== What is required ==
Leaving out the pictures, output each record exactly as it stands.

Crawled caption data:
*** Block opens ***

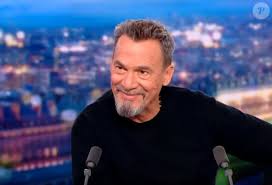 Florent Pagny : Quel est ce traitement qu'il se prescrit seul et qui n'est  pas encore autorisé en France ? - Purepeople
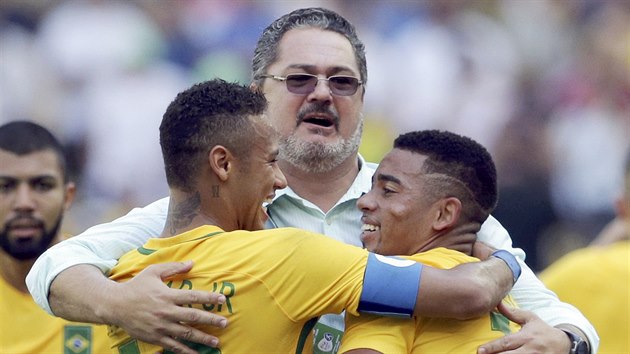 Hlavnmi stelci v semifinlovm utkn s Hondurasem byli brazilt fotbalist Gabriel Jesus (vpravo) a Neymar (vlevo). Takto s nimi slavil reprezentan trenr Rogerio Micale. (17. srpna 2016)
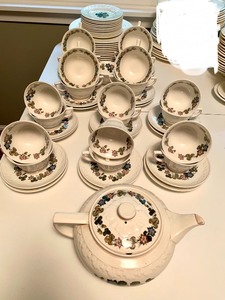 lot 354 image: Partial Set Pembroke Wedgwood China Dishes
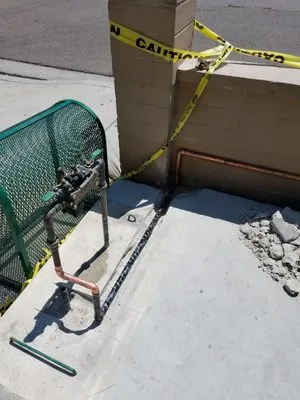 One Hat Plumbing Logo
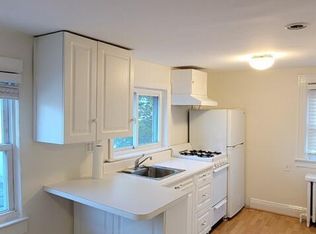 75 Hillside Ave, Manhasset, NY 11030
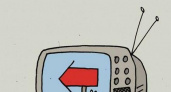 По телевизору за окном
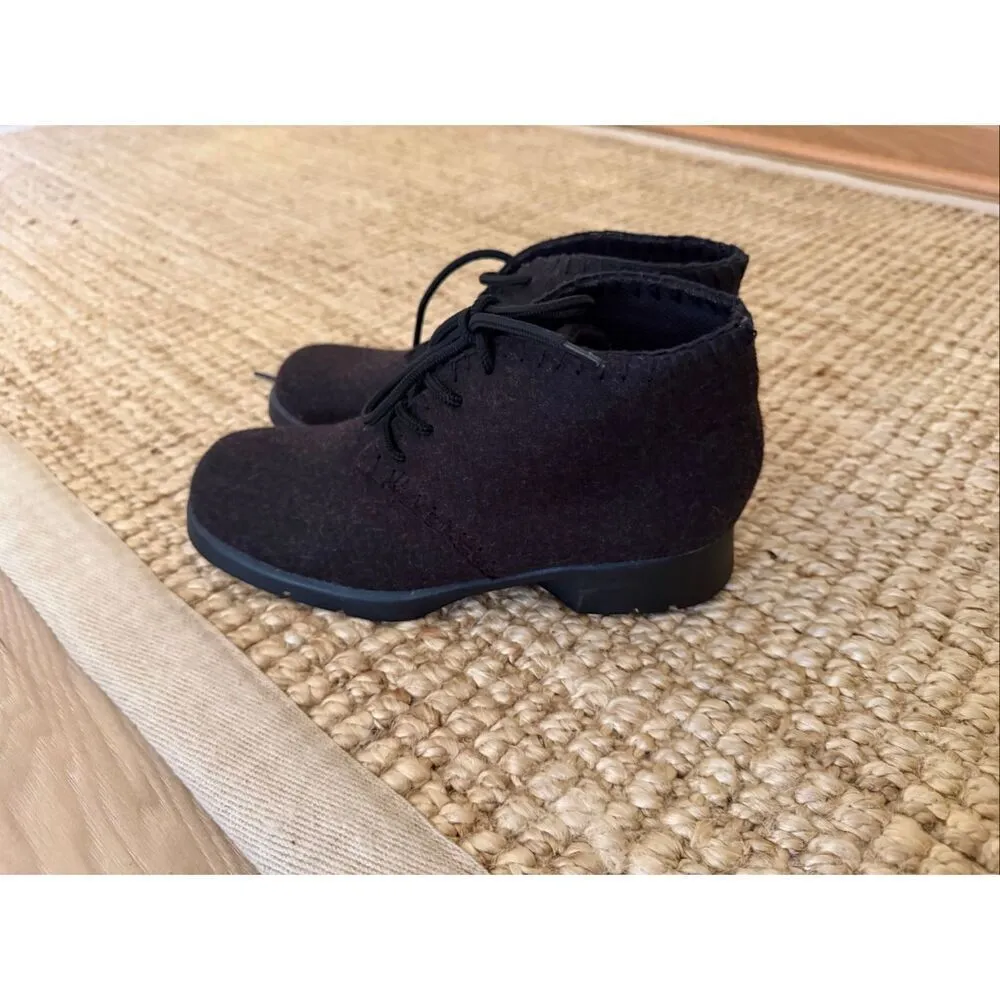 Vintage Talbots Brown Felt Lace-Up Ankle  desert-style chukka  women’s boots - Image 4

*** Block closes ***

== Problem solution ==
 Florent Pagny : Quel est ce traitement qu'il se prescrit seul et qui n'est  pas encore autorisé en France ? - Purepeople
 Hlavnmi stelci v semifinlovm utkn s Hondurasem byli brazilt fotbalist Gabriel Jesus (vpravo) a Neymar (vlevo). Takto s nimi slavil reprezentan trenr Rogerio Micale. (17. srpna 2016)
 lot 354 image: Partial Set Pembroke Wedgwood China Dishes
 One Hat Plumbing Logo
 75 Hillside Ave, Manhasset, NY 11030
 По телевизору за окном
 Vintage Talbots Brown Felt Lace-Up Ankle  desert-style chukka  women’s boots - Image 4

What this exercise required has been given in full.